We are less than a month away from the release of Inherent Vice and I am only on the second film in my Paul Thomas Anderson retrospective. My prospects for completing the project are not looking great, but I shall continue on anyway. The good news is that Boogie Nights is the last PTA movie that I had not seen previously, so I have now watched each of his films at least once. Boogie Nights was released only one year after Hard Eight, Anderson’s debut, but his artistic progression is so great that you might be forgiven for guessing something more like ten years had passed.
Depicting the porn boom through the end of the 70’s and 80’s, Boogie Nights features Anderson’s first foray into a large ensemble piece, a format he will subsequently perfect and then abandon with Magnolia. Mark Wahlberg plays Eddie Adams (a.k.a. Dirk Diggler), a young southern Californian who finds himself recruited into the pornography industry by director Jack Horner (Burt Reynolds) on the merits of his giant penis. Once involved he becomes familiar with both performers – including Jack’s lover Amber (Julianne Moore), a young skates-bound starlet known only as “Rollergirl” (Heather Graham), a new best friend in the form of Reed Rothchild (John C. Reilly), and actor-turned-entrepreneur Buck Swope (Don Cheadle) – and crew members – such as emotionally-tortured boom operator Scotty J. (Philip Seymour Hoffman), cuckolded assistant director Little Bill (William H. Macy), and money man The Colonel (Robert Ridgely). Each character struggles with ennui, time, and more concrete conflicts as their chosen profession evolves faster than they are able to.

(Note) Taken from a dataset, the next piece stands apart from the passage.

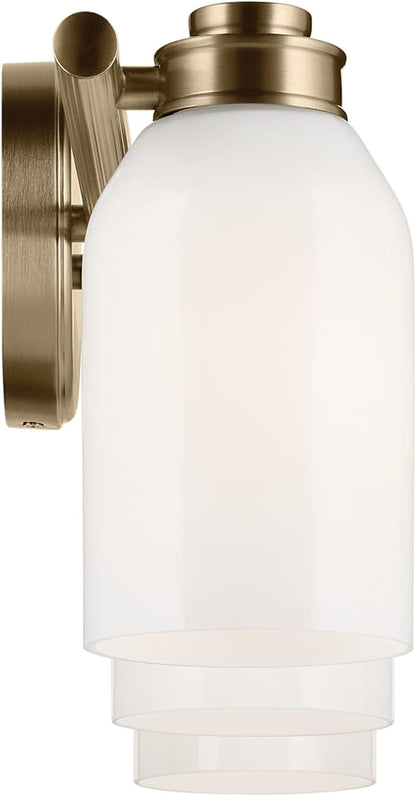 Kichler Shae 24.25" 3-Light Vanity Light with White Opal Glass in Champagne Bronze, for Bathroom Vanity, Powder Room, Over a Mirror, (24.25" W x 9" H), 55202CPZ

The cast is huge, and Anderson takes great care to ensure each character gets as much attention as possible – even smaller parts played by actors such as Luis Guzmán, Philip Baker Hall, Thomas Jane, and Alfred Molina. Anderson’s generosity of screentime is evident from the very opening shot, a singular handheld take that introduces us to Guzmán, Reynolds, Moore, Reilly, Cheadle, Graham, and Wahlberg, without ever cutting. This opening moment gives us an impression of who each of these characters are: Reynolds’s Jack holds court over everyone, while Cheadle’s Buck seeks approval and Reilly’s Reed tries to impress; Rollergirl looks to Amber as a mother, and Wahlberg’s wide-eyed outsider watches it all with excitement and curiosity.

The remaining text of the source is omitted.